I have noticed a lot of queries of SproutSearch's main database table are getting slow as SproutSearch passes 8 million indexed blogs. I finally decided to do something about it after trying to add alter this table. I attempted to add a column that keeps track of the date and time of each blog's most recent post. The alter table command ran for at least 8 hours, and then MySQL either crashed or the admins killed my process. I attempted this a second time without making a new index, which also failed.
I figured I would just create a new table with the extra column and write a program to slowly copy everything over. The first version of this PHP program queried 10,000 rows of data from the old table and inserted them one by one into the new table. I set up a cron job to run this every 10 minutes. Once the new table started getting big, the cron jobs were overlapping, some records were not copied, and copy processes started backing up.
It dawned on me that I'd better learn something about MySQL optimization. I read some online articles and decided to try using mysqli_multi_query to copy the records. That would reduce the network overhead. The program ran several times faster but I wanted to look into other methods. I tried using prepared statements, which wasn't much better.

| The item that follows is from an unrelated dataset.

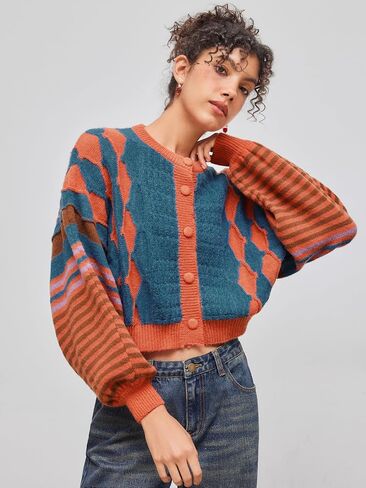 CIDER Cardigans for Women Trendy Crew Neck Striped Geometric Knit Cardigan Oversized Button Up Knitwear in Saudi Arabia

I found this excellent article (
http://www.informit.com/articles/article.asp?p=377652&seqNum=4&rl=1) which said if I use the insert format like:
insert into table (column1, column2) values(val1, val2), (val1, val2)...
MySQL wouldn't have to flush the index after every insert. I made my program create a giant insert statement in this format. I tried it out and it only took a few seconds when the new table was empty. I modified the program to run 10 batches of 10,000 records, which would take a few minutes. This program has been running for a few days, and all my data is finally in the new table.
I am still having problems with the table being locked during lengthy select statements. It causes certain pages to hang for a long time. I am now copying all the data from a MYISAM table to a INNODB table because it has row level locking.